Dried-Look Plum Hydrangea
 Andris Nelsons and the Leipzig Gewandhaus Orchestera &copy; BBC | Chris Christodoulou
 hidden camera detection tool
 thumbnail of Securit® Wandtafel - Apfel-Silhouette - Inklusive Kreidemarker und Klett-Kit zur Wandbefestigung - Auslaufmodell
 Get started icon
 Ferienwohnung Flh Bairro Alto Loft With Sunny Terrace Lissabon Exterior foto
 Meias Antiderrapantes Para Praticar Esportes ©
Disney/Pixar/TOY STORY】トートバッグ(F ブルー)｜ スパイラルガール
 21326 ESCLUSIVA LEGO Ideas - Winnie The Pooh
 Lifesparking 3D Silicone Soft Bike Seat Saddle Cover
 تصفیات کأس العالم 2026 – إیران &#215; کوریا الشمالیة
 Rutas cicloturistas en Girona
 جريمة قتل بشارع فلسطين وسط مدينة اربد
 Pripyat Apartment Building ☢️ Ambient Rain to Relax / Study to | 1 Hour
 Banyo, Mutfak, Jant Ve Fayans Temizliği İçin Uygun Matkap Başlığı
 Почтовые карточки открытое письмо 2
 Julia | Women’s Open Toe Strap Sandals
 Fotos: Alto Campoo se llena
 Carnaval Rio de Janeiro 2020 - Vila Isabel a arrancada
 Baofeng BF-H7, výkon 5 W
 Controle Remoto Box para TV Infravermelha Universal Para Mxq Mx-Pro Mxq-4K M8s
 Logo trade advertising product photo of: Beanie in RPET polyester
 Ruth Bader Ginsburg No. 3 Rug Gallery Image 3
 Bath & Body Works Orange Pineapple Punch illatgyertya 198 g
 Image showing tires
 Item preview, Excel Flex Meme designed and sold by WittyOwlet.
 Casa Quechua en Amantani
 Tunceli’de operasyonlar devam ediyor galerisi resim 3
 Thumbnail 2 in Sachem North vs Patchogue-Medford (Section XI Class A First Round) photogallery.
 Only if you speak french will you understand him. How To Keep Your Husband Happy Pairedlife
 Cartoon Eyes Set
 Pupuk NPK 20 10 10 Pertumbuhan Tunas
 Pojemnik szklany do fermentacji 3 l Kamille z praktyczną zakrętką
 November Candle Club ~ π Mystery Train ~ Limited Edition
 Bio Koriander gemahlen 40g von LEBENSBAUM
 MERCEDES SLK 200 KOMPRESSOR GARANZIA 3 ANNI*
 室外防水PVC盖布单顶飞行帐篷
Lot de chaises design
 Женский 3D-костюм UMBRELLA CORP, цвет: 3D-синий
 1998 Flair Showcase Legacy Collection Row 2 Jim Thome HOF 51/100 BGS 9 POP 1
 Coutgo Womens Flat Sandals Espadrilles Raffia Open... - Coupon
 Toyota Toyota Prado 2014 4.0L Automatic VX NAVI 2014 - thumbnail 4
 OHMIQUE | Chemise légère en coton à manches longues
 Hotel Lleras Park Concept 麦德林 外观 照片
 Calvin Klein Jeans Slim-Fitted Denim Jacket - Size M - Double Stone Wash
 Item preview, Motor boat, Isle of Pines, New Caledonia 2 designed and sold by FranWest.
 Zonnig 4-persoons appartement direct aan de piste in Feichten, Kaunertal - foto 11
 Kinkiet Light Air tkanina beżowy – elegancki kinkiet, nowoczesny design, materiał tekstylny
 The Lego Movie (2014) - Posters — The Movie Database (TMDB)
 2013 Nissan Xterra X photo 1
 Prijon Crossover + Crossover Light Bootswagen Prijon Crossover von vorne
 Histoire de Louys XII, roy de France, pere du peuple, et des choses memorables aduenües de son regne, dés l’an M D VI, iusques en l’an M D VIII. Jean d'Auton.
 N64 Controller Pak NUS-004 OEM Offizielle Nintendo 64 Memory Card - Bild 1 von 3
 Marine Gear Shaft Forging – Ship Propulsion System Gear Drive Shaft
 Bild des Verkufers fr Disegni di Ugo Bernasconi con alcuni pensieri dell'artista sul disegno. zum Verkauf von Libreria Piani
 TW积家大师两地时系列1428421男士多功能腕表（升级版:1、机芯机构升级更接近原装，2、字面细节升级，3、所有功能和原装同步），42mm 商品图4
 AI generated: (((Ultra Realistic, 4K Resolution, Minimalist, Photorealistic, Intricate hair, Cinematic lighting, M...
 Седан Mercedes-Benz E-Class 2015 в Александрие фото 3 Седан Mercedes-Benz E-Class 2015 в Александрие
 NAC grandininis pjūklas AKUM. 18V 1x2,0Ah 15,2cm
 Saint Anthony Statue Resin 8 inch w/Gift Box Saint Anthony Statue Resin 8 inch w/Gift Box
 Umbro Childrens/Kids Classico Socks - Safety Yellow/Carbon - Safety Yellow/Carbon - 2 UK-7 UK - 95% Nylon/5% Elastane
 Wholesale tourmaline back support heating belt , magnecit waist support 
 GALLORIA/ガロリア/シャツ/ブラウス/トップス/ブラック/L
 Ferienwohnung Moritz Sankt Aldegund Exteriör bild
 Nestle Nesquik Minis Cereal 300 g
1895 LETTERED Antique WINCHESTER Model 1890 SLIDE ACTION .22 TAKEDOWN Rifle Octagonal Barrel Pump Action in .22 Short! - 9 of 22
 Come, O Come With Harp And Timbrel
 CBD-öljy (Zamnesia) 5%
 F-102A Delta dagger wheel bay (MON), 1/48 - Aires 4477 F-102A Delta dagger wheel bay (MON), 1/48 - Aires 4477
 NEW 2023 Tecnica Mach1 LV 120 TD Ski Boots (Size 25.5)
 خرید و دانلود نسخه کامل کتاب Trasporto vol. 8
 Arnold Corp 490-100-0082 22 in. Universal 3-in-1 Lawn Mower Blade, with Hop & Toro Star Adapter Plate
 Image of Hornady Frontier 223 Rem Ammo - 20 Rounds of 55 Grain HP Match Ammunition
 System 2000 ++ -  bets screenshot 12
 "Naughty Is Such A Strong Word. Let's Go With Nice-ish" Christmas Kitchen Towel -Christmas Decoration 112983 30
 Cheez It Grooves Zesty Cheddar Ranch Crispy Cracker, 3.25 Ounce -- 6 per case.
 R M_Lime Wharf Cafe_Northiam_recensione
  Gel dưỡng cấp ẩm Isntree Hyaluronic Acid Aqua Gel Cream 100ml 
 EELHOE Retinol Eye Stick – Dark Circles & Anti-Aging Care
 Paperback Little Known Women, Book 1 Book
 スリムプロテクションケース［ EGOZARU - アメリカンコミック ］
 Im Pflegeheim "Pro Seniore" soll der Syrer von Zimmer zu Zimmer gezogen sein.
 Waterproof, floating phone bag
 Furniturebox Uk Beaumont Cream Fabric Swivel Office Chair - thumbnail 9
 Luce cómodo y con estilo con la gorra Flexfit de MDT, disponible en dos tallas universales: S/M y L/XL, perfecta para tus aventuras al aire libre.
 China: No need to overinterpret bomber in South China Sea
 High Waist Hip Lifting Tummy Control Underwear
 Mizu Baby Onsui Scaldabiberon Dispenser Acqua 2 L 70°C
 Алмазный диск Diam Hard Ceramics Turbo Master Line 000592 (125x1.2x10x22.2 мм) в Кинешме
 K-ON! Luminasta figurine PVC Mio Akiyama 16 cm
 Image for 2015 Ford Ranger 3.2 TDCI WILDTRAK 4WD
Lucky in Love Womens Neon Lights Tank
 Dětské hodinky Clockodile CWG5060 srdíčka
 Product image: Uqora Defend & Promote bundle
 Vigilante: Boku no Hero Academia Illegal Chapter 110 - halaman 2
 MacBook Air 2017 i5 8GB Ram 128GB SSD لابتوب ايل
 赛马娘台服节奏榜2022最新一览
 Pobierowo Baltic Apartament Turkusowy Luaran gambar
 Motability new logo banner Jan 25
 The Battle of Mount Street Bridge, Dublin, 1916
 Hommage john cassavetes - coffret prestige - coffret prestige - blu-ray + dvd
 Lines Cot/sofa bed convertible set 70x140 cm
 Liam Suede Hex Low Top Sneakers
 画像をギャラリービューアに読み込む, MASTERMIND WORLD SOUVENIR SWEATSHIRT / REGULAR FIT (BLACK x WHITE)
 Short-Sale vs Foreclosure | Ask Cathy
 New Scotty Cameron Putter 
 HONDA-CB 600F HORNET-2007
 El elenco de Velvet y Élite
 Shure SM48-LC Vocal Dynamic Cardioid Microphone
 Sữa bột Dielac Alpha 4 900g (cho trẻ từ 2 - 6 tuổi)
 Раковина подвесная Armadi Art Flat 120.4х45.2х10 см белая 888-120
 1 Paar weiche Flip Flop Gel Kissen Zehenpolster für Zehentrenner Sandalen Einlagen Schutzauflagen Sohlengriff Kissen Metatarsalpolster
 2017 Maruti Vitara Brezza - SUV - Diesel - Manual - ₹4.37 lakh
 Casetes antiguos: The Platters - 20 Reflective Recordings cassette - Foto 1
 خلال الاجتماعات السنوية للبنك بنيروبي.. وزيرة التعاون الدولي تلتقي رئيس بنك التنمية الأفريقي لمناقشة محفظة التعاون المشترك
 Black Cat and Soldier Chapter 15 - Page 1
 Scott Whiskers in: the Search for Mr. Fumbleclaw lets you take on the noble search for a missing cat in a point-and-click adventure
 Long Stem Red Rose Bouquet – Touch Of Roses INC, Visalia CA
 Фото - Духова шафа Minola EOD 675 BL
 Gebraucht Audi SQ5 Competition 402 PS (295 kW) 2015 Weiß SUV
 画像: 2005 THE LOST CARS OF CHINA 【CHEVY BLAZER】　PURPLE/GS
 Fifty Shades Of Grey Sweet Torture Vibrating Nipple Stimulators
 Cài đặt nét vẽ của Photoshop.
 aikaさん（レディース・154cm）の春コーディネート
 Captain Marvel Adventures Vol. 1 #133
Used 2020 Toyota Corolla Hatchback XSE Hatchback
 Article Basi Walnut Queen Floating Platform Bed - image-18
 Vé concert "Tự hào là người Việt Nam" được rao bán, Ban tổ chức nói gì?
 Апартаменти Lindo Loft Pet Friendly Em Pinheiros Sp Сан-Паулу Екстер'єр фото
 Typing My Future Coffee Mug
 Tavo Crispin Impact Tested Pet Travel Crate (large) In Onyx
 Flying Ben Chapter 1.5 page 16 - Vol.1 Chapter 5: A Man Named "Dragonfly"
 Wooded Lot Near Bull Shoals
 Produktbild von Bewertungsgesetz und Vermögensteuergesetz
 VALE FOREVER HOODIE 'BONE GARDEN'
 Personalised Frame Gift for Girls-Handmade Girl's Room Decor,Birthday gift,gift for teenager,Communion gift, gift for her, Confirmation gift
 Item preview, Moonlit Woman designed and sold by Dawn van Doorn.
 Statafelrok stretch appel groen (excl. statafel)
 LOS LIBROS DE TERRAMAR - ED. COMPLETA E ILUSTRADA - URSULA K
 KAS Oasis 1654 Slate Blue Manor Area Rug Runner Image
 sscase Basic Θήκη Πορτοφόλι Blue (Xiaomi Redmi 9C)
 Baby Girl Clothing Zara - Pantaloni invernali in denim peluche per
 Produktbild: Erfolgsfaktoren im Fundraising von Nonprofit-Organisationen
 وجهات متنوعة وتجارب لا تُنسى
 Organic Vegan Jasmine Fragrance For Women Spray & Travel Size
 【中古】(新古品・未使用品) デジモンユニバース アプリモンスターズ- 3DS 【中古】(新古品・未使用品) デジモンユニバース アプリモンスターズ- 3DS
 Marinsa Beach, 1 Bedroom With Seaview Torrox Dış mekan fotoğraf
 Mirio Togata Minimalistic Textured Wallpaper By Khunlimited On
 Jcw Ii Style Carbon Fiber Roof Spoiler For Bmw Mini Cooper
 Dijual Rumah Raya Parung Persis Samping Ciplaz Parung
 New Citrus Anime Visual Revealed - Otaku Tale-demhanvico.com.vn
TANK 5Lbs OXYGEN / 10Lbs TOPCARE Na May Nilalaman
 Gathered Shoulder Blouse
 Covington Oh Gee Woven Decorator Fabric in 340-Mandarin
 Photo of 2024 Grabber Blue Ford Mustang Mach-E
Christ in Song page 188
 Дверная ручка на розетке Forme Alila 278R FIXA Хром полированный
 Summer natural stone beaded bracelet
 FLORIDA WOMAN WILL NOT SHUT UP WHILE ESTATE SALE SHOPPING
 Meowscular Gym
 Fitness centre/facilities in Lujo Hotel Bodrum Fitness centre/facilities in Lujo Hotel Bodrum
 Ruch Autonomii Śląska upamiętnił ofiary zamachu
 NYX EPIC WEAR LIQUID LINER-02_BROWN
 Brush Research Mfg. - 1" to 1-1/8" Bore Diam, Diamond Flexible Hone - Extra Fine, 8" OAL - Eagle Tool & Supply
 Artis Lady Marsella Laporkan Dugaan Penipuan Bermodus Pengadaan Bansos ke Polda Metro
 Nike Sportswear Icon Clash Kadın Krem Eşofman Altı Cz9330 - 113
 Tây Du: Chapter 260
.....
Begin at the first line of the entries above and copy every line exactly, ending with the line that contains "Ruth Bader Ginsburg".

RESULT:
Dried-Look Plum Hydrangea
 Andris Nelsons and the Leipzig Gewandhaus Orchestera &copy; BBC | Chris Christodoulou
 hidden camera detection tool
 thumbnail of Securit® Wandtafel - Apfel-Silhouette - Inklusive Kreidemarker und Klett-Kit zur Wandbefestigung - Auslaufmodell
 Get started icon
 Ferienwohnung Flh Bairro Alto Loft With Sunny Terrace Lissabon Exterior foto
 Meias Antiderrapantes Para Praticar Esportes ©
Disney/Pixar/TOY STORY】トートバッグ(F ブルー)｜ スパイラルガール
 21326 ESCLUSIVA LEGO Ideas - Winnie The Pooh
 Lifesparking 3D Silicone Soft Bike Seat Saddle Cover
 تصفیات کأس العالم 2026 – إیران &#215; کوریا الشمالیة
 Rutas cicloturistas en Girona
 جريمة قتل بشارع فلسطين وسط مدينة اربد
 Pripyat Apartment Building ☢️ Ambient Rain to Relax / Study to | 1 Hour
 Banyo, Mutfak, Jant Ve Fayans Temizliği İçin Uygun Matkap Başlığı
 Почтовые карточки открытое письмо 2
 Julia | Women’s Open Toe Strap Sandals
 Fotos: Alto Campoo se llena
 Carnaval Rio de Janeiro 2020 - Vila Isabel a arrancada
 Baofeng BF-H7, výkon 5 W
 Controle Remoto Box para TV Infravermelha Universal Para Mxq Mx-Pro Mxq-4K M8s
 Logo trade advertising product photo of: Beanie in RPET polyester
 Ruth Bader Ginsburg No. 3 Rug Gallery Image 3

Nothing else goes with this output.